Composition

Updated: April 19, 2023

Composition is the process of combining multiple content sources together into a single image.

It's what happens when you have multiple visible windows to be shown on one display. Screen performs the composition while ensuring that everything that's supposed to be visible is visible and everything that's supposed to be covered is covered. As you can probably guess, when you consider the number of properties for windows and displays alone, along with each of the multiple windows, there's almost an infinite number of possibilities on how to combine the images.

Because the final image needs to be correctly constructed, Screen can't necessarily use one composition option solely over another. For example, even a gain in performance isn't justified if the resulting image produced isn't accurate.

Screen uses a composition strategy that's optimal for the current scene while taking memory bandwidth and available hardware blocks into consideration. When multiple hardware layers (pipelines) and buffers are supported by the device driver, Screen takes advantage of these capabilities to use each pipeline and to combine the pipelines at display time. For applications that require complex graphical operations, hardware-accelerated options such as 3D hardware with OpenGL ES and/or 2D bit-blitting hardware are also used. And there are times that even using the CPU for composition provides some advantages.

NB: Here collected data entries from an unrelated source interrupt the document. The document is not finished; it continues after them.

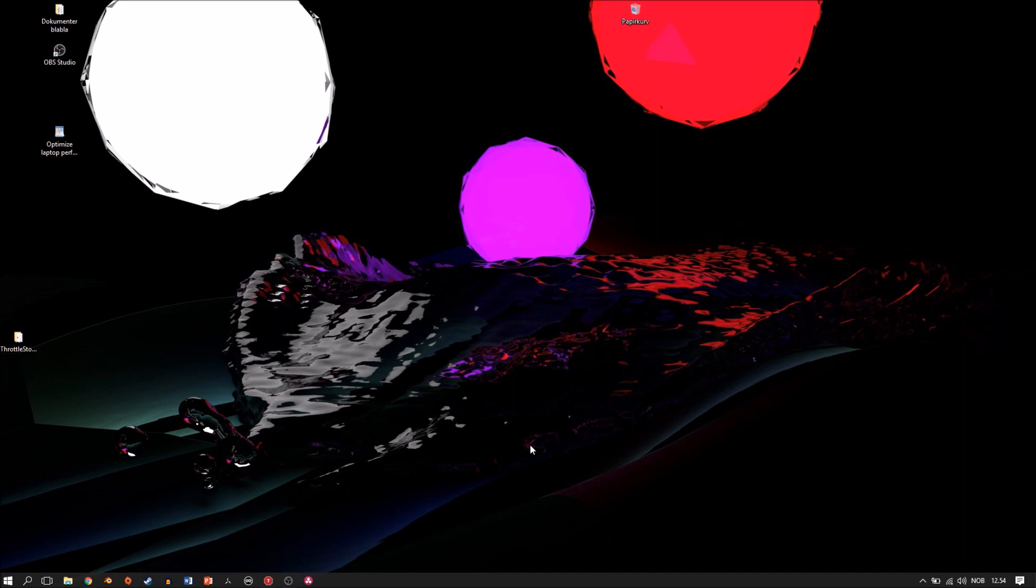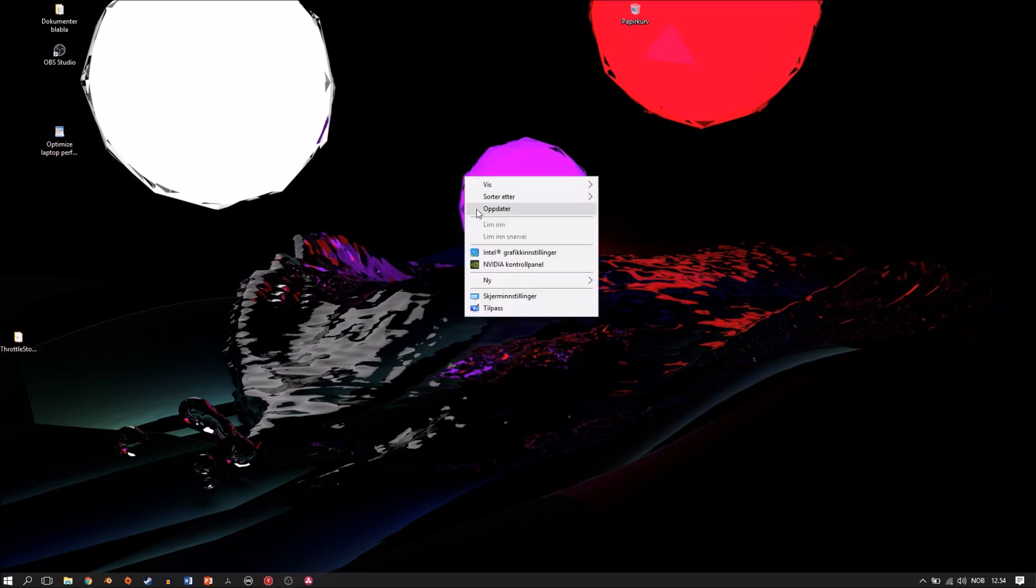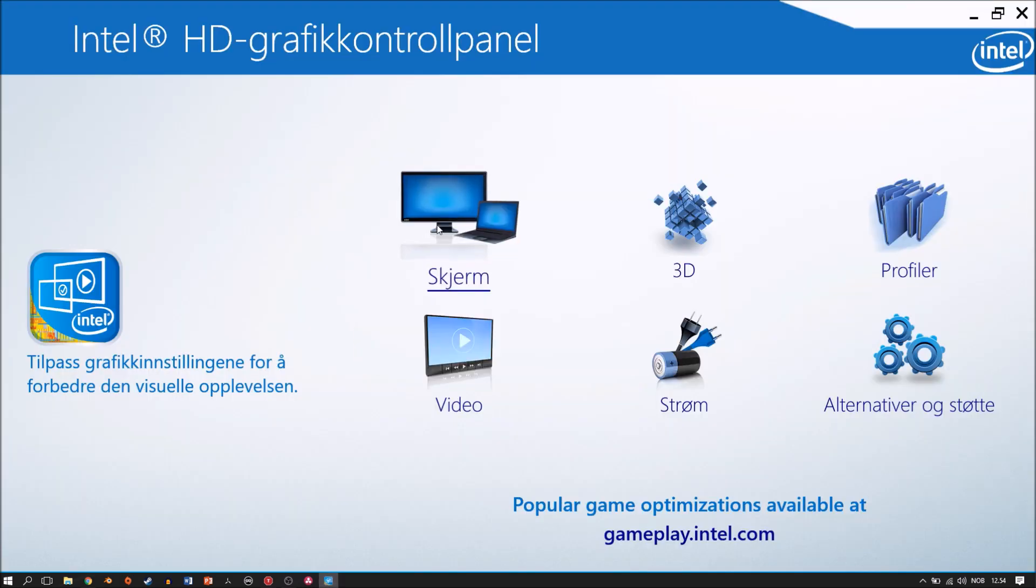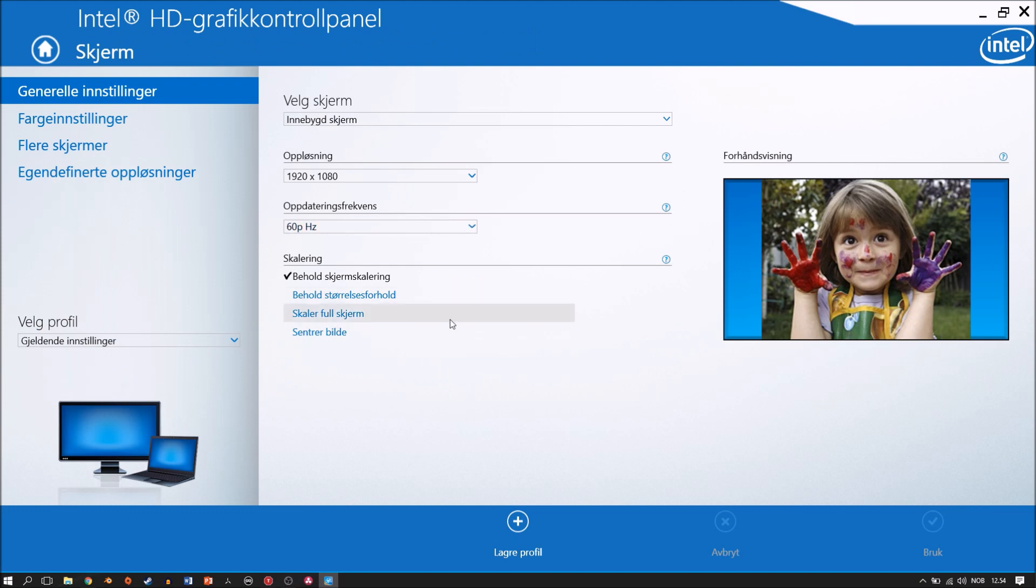I had to find another solution and the solution is quite simple. You go into Intel graphics settings or graphics control panel, you go into screen. I don't have the screen connected right now.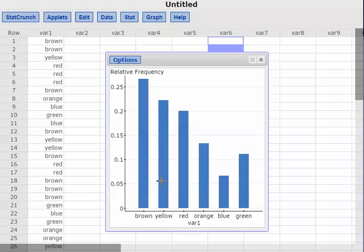So that was a bar graph, a relative frequency bar graph, a Pareto chart, and a pie graph that we could create using the raw data.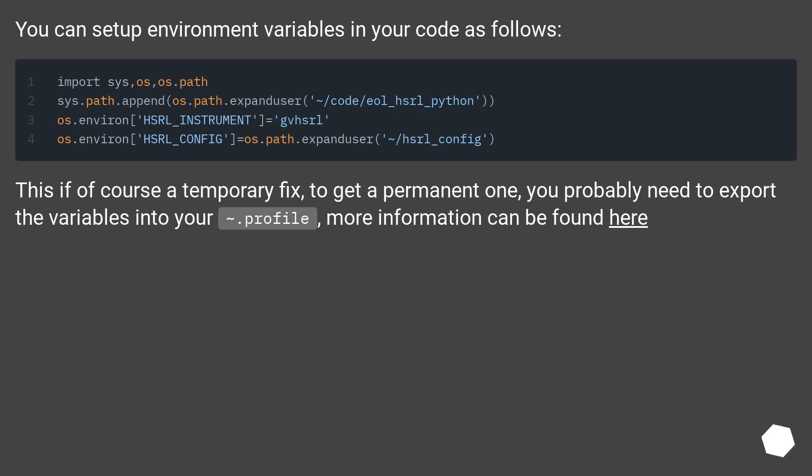This is of course a temporary fix. To get a permanent one, you probably need to export the variables into your .profile. More information can be found here.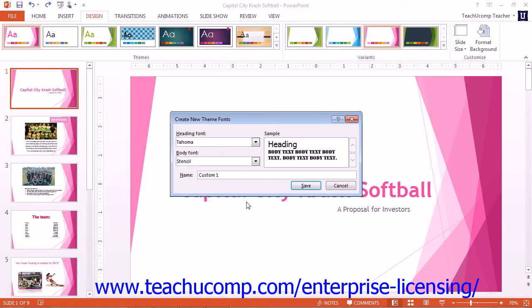Click into the Name field and enter a name for the custom scheme. Then click the Save button to save the custom font scheme.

Hardware layers (pipelines)
Advantages
  • window buffers don't need to be copied to a composite framebuffer
  • no processing power of CPU and/or GPU required to compose buffers
  • efficient in handling windows with high-frequency updates
  • scaling quality is usually good
  • updates can be independent from other windows
  • efficient in power usage (e.g., the hardware block is already powered to update the display; when the display is updated, blending the hardware pipelines can be performed by the display's specialized hardware)
Disadvantages
  • limited by pipeline capabilities, such as scaling, ability to rotate, supported pixel formats, and image manipulation (brightness, contrast, etc.)
  • limited by the number of supported pipelines, which can vary from platform to platform
  • can't display more than one buffer per pipeline
  • some displays refresh constantly, even if there's no change in content
2D bit-blitting hardware
Advantages
  • no restrictions on the number of pipelines
  • all sources are read only when needed (i.e., no active refreshes)
  • reads can be focused to only regions of the buffer that's been changed (dirty rectangles)
  • typically, there are no restrictions on scaling
  • generally lower powered than using 3D hardware
  • blit can be performed in parallel with 3D hardware; 2D bit-blitting can offload work from 3D
Disadvantages
  • window buffers, or part of them, need to be copied to a framebuffer
  • may require processing power of CPU and/or GPU to combine buffers
  • possible restrictions on supported pixel formats, rotation.
  • scaling quality may not be as good as hardware layers or 3D hardware
3D hardware
Advantages
  • no restrictions
  • reads of sources are performed only when needed (i.e., no active refreshes)
  • sometimes 3D hardware with shaders might be the only way to get certain effects
  • there aren't any hardware variants because OpenGL ES is a standard
Disadvantages
  • window buffers, or part of them, need to be copied to a framebuffer
  • draws more power than other options
  • contention over 3D hardware resources
CPU
Advantages
  • no restrictions
  • reads of sources are only when needed (i.e., no active refreshes)
  • there are no setup costs (e.g., waiting for hardware to become available)
  • faster if you have many small operations
Disadvantages
  • window buffers, or part of them, need to be copied to a framebuffer
  • usually slower than other composition options because of the fill rate; on some CPU architectures, the graphics memory can't even be written to by the CPU
  • concerns with the cache (flushing, invalidating, or both) arise when combining CPU and hardware composition options

When Screen is tasked to show your windows' content, it's going to determine how many windows are visible, what portions of the window are visible, and then based on the windows' properties, whether scaling, or rotation, or image adjustments need to be considered. Screen decides what hardware blocks, or CPU, to use for composition based on all these factors.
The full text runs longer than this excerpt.